Um bolo solado
Um dos maiores problemas ao se tentar estabelecer um diálogo com o outro é o de garantir que todos os envolvidos estejam trabalhando com a mesma terminologia. Não é necessário ir muito longe para perceber, na vida cotidiana, as diversas oportunidades de diálogos que surgiram e que foram, subitamente, transformadas em discussões sem fim e, em alguns casos, até mesmo violentas, simplesmente porque aquilo que a primeira pessoa entendia por um termo não coincidia com o que a outra pensava sobre ele.
Ao mesmo tempo em que parece ser uma questão extremamente simples, definir a terminologia que se está usando também exige uma disposição enorme por parte dos envolvidos, podendo ser um dos pontos basilares onde se pode observar se ali há um desejo para o diálogo ou não. Isso porque se trata da parte “chata” do processo, da mesma forma que fazer a calda de açúcar para um pudim, ou sovar a massa do pão durante 30 minutos para deixá-lo mais “fofinho”.
Aqueles que estão acostumados com processos em cozinha sabem que, muitas vezes, para se ter um bom prato, a parte chata do processo é aquela que exige maior cuidado e maior atenção, porque dela depende todo o resto e, consequentemente, o resultado. Falhando-se na parte “que ninguém quer fazer”, por mais bonito que esteja o prato, o gosto ficará totalmente comprometido e poderá causar reações não muito agradável nos convidados.
Ao trazer essa analogia para a questão do diálogo, a parte “chata” do processo é justamente aquela na qual se define a terminologia a ser usada. É nela que está a parte complicada, delicada e trabalhosa, bem como é nela em que se encontra a base para o resultado do diálogo proposto.
Não há como dialogar se as bases terminológicas não estão claramente postas. Fazer isso seria como preparar a massa do bolo, colocar no forno e abri-lo antes de trinta minutos. Se você já fez um bolo, sabe que o resultado não será dos mais agradáveis. O bolo irá assar, mas ficará solado e não satisfará nem a quem fez o bolo, nem àqueles que irão degusta-lo.

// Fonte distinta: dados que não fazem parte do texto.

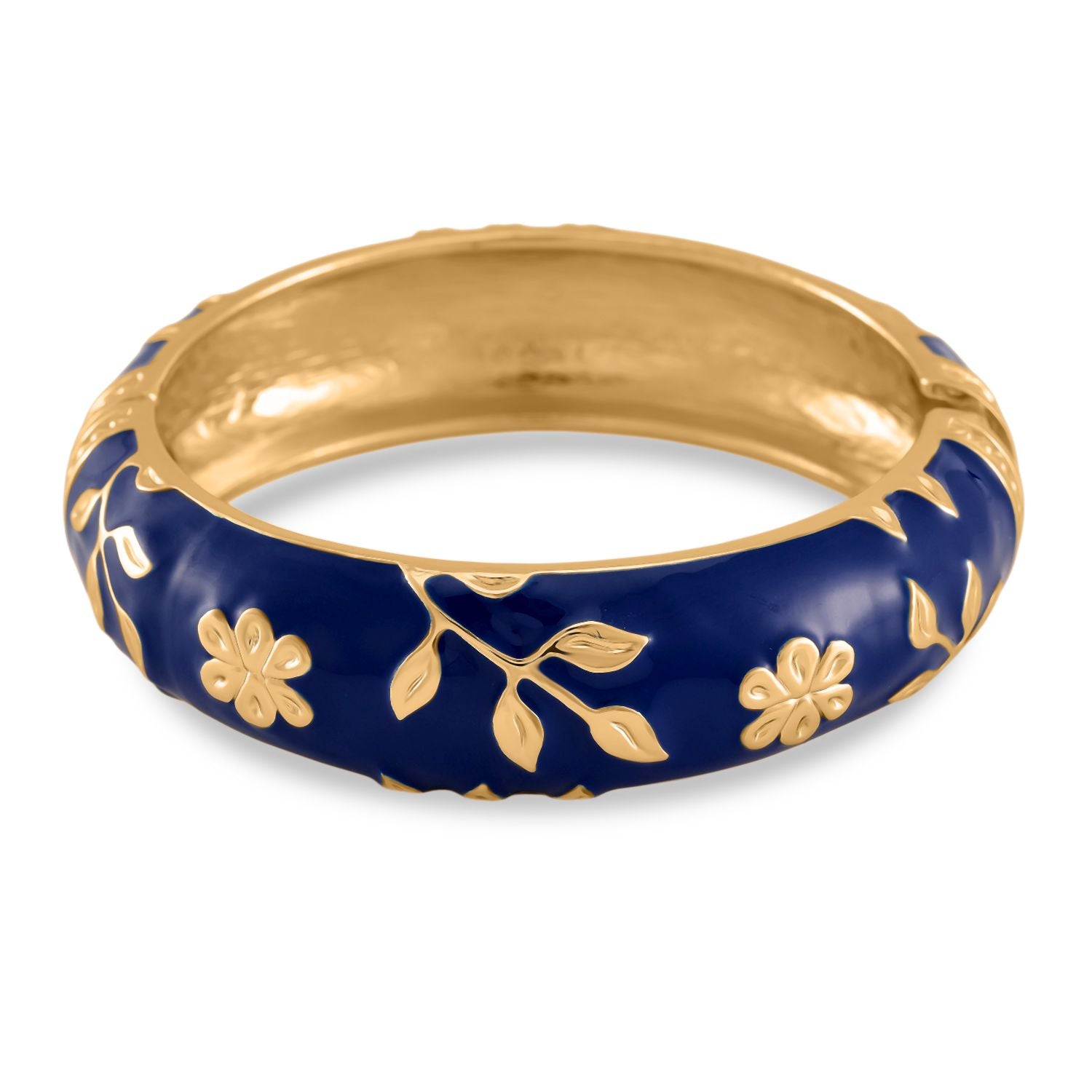 Armreif mit Emaille-Blütendekor, ca. 19 cm ca. 60,00g, blau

Disso se pode perceber que se acertar a respeito do que cada um entende a respeito de determinado termo a fim de se tentar chegar a uma base comum no qual o diálogo possa acontecer é o fundamento e, até mesmo, a condição de possibilidade para que haja o diálogo proposto.
No diálogo inter-religioso a questão da terminologia se torna matéria ainda mais delicada. Uma vez que se parte de antropologias diferentes, visões de cosmos e de natureza diferentes, e conceitos de deus diferentes, definir o que se entende pelos termos a serem trabalhados e discutidos é tarefa basilar que não pode ser deixada para depois, mas antes, deve ser a primeira coisa a se fazer. Assim, por exemplo, ao se propor um diálogo a respeito do tema da justificação com outra religião é fundamental saber o que esse termo significa dentro dela, se é que existe para ela esse conceito. Sem isso, o que se terá, caso se insista em falar sobre justificação com essa religião para a qual o termo não faz o menor sentido, é simplesmente um bolo solado.
Fazer um diálogo partindo dessa premissa, ao longo da história do Cristianismo, não foi uma tarefa fácil, sendo ainda hoje uma falha constante nos diversos seguimentos cristãos.
Nas narrativas dos Evangelhos, são diversas as vezes em que Jesus toma a iniciativa e pergunta: “e, tu, como interpretas?”. Tomar o exemplo de Cristo a sério implica, para o Cristianismo que se diz Seu seguidor, estar em constante tentativa de compreensão a respeito da maneira com que o outro interpreta o mundo para poder dialogar com ele o que, indubitavelmente, tocará também a questão terminológica.